** Opening Task inputs block **
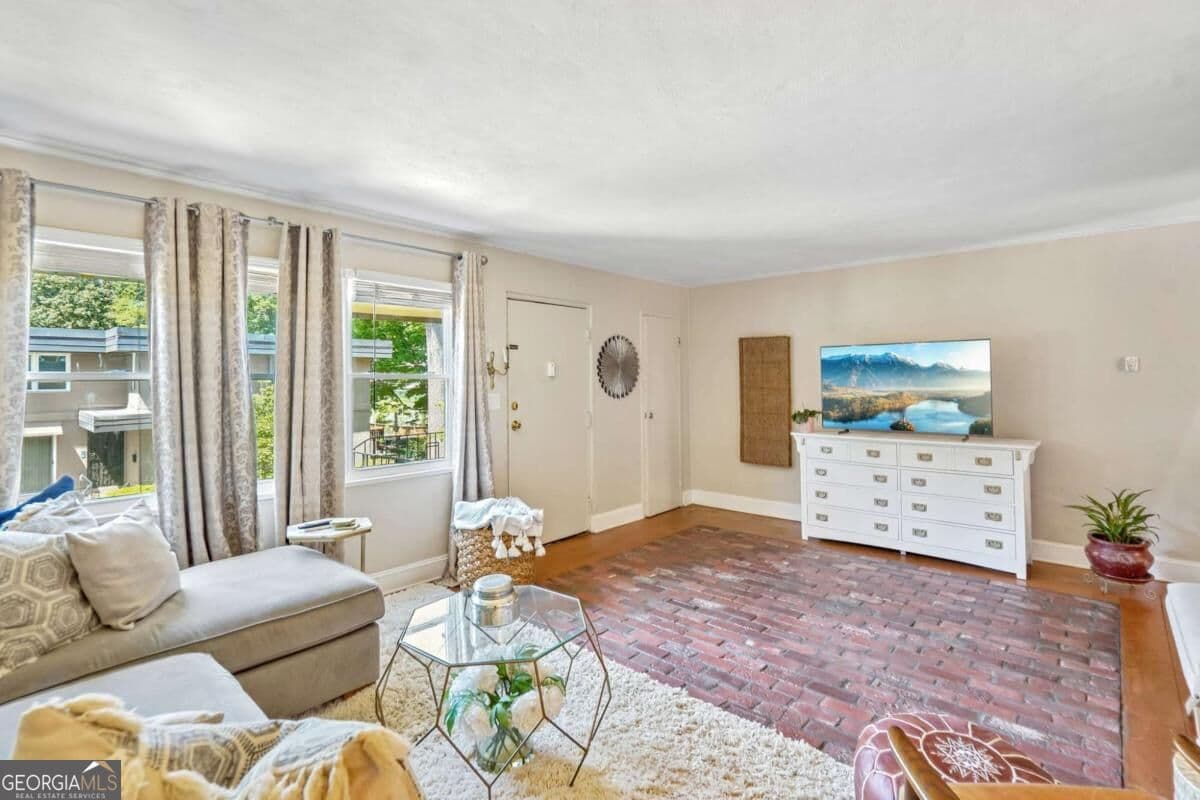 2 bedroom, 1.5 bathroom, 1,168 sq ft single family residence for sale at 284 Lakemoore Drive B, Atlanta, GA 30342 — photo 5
** Closing Task inputs block **
** Opening Task inputs block **
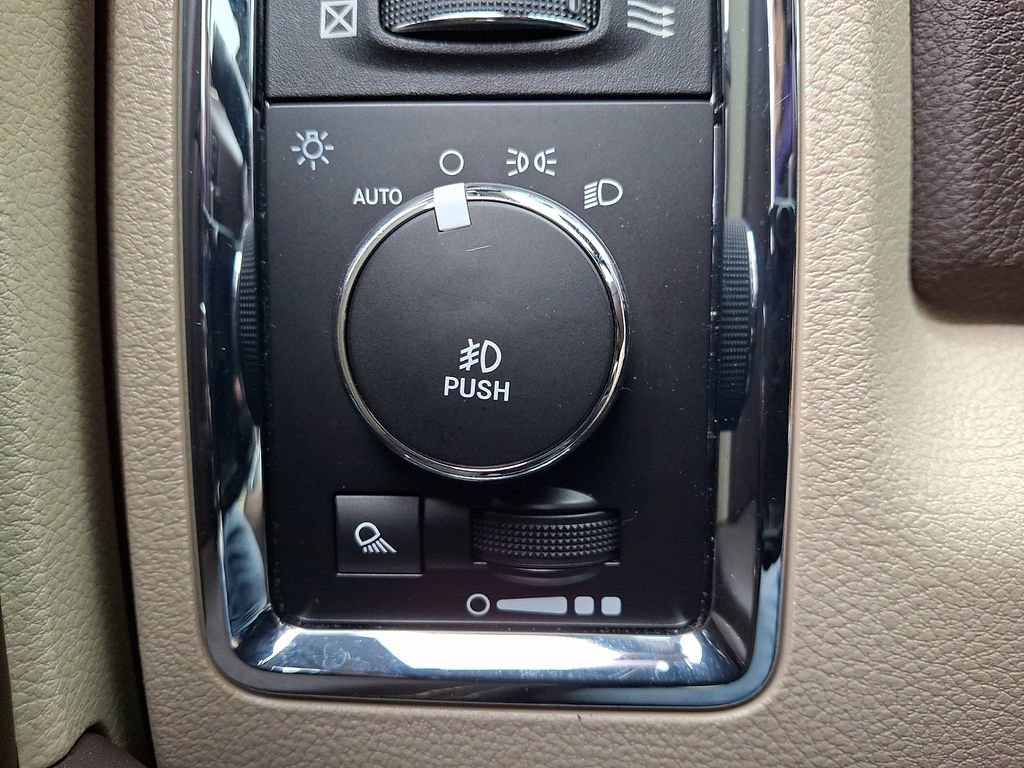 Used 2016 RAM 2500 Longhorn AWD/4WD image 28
** Closing Task inputs block **
** Opening Task inputs block **
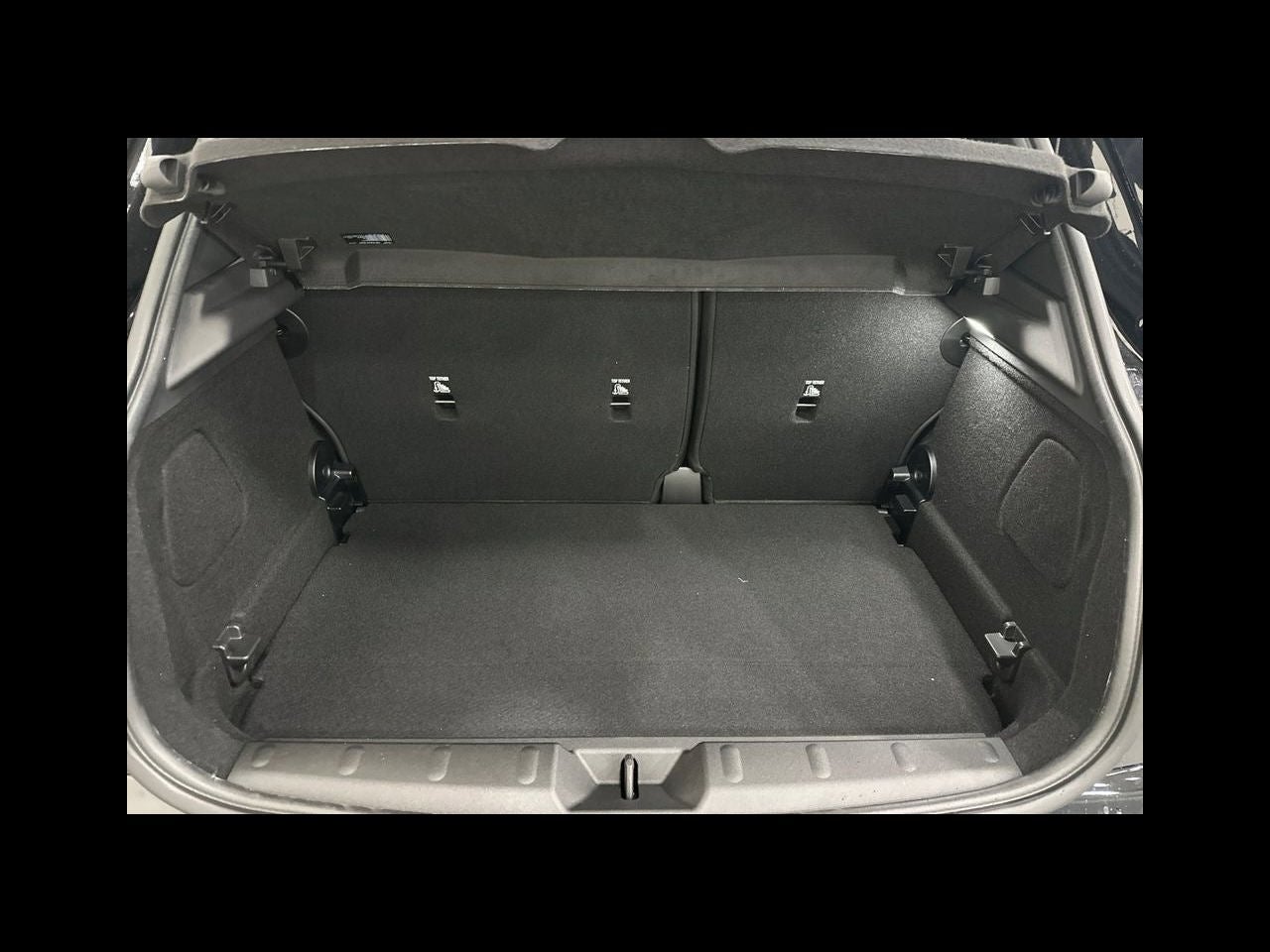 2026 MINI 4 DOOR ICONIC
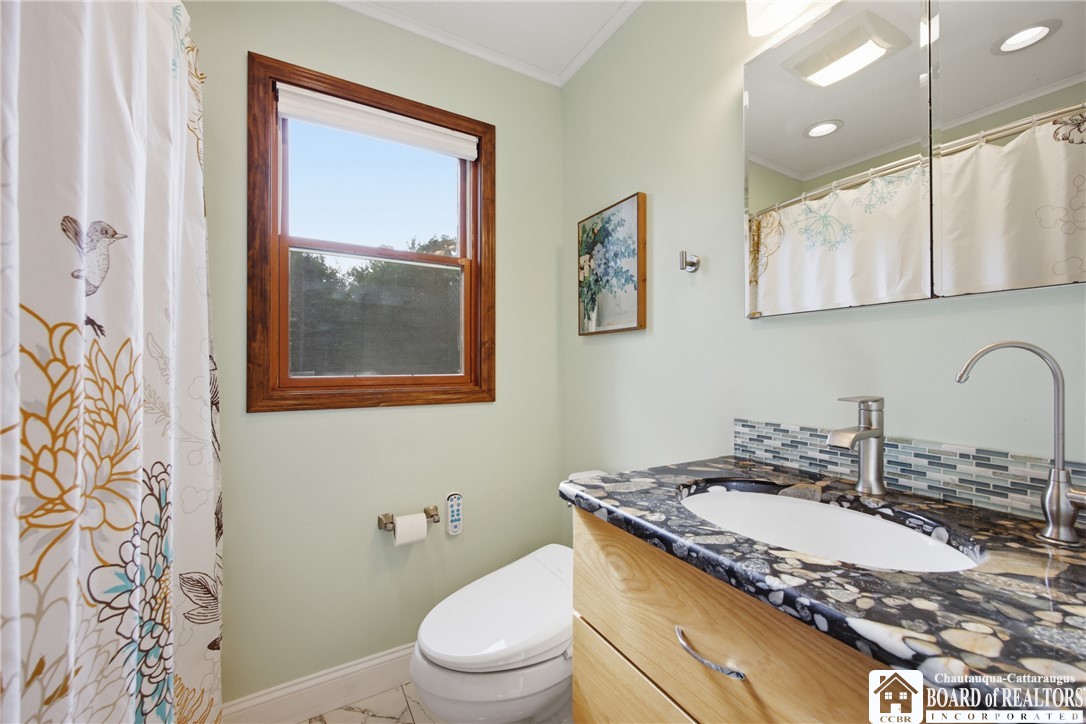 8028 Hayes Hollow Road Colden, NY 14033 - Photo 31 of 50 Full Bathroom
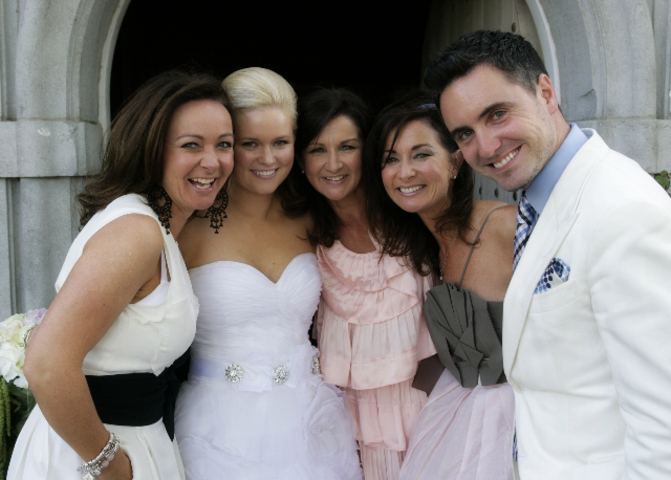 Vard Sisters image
** Closing Task inputs block **
(Directions) From the material above, output only the span of lines that starts at the one containing "2026 MINI 4 DOOR ICONIC" and finishes at the one containing "Vard Sisters image", word for word and free of pictures.

(Task answer)
 2026 MINI 4 DOOR ICONIC
 8028 Hayes Hollow Road Colden, NY 14033 - Photo 31 of 50 Full Bathroom
 Vard Sisters image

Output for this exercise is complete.